Cells were treated with 100nM 1,25(OH)2D3 or ethanol vehicle for 24 hours.
MC3T3-E1 cells were cultured in alpha MEM with 10% heat-inactivated fetal bovine serum from Hyclone (Logan, UT) and 1% penicillin-streptomycin. Differentiated cells were cultured in complete media plus 10mM glycerol-2-phosphate and 50ug/mL ascorbic acid for 15 days, changing media every 2-3 days.
RNA was isolated using the TRI-Reagent protocol (MRC, Cincinnati, OH) and amplification methods according Roche NimbleGen protocols.

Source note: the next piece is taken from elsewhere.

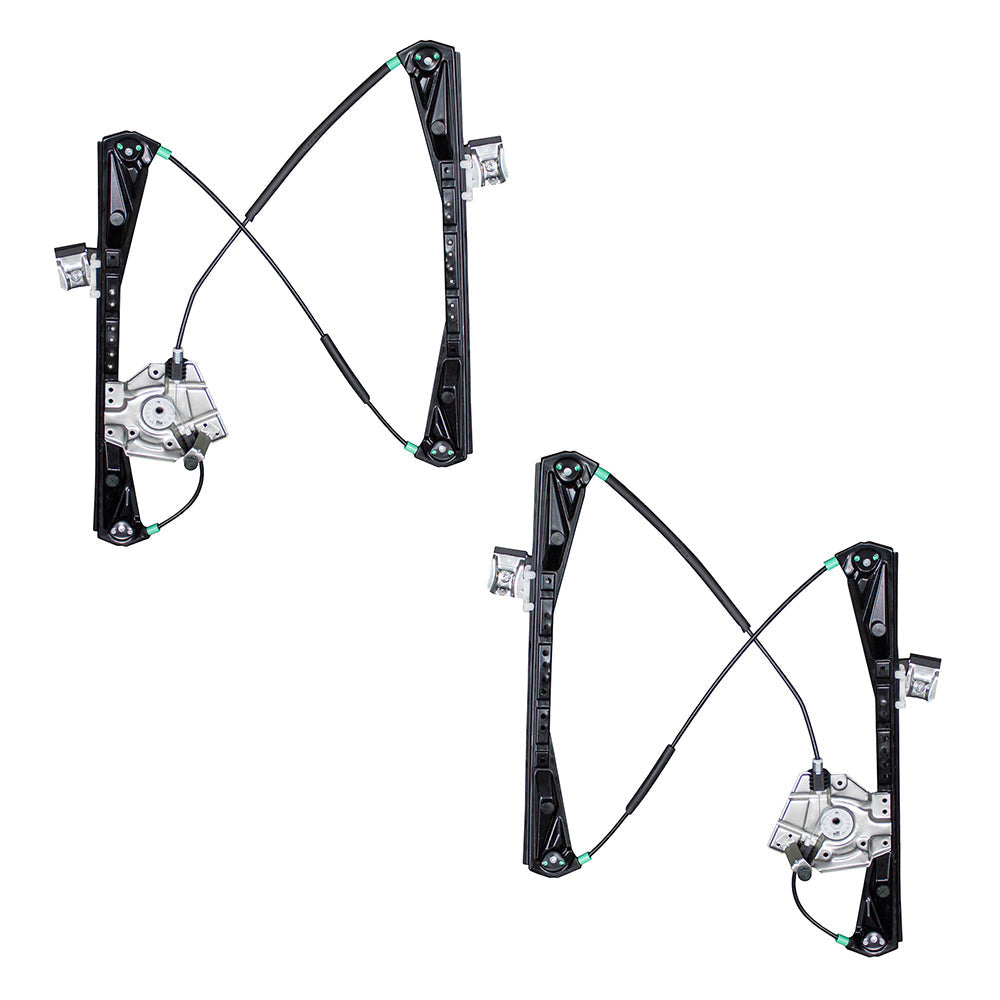 Driver and Passenger Front Power Window Lift Regulators Compatible with 2000-2002 S-Type LS YW4Z5423209AA YW4Z5423208AA-PFM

Labeling was performed using the NimbleGen Systems Inc., Madison, WI USA, standard operating protocol. See www.nimblegen.com.
Hybridization was performed by NimbleGen Systems Inc., Madison, WI, USA following their standard operating protocol. See www.nimblegen.com.
Scanning was performed by NimbleGen Systems Inc., Madison, WI USA, following their standard operating protocol. See www.nimblegen.com.
The raw data (.pair file) was subjected to RMA (Robust Multi-Array Analysis; Irizarry et al. Biostatistics 4(2):249), quantile normalization (Bolstad et al. Bioinformatics 19(2):185), and background correction as implemented in the NimbleScan software package, version 2.4.27 (Roche NimbleGen, Inc.).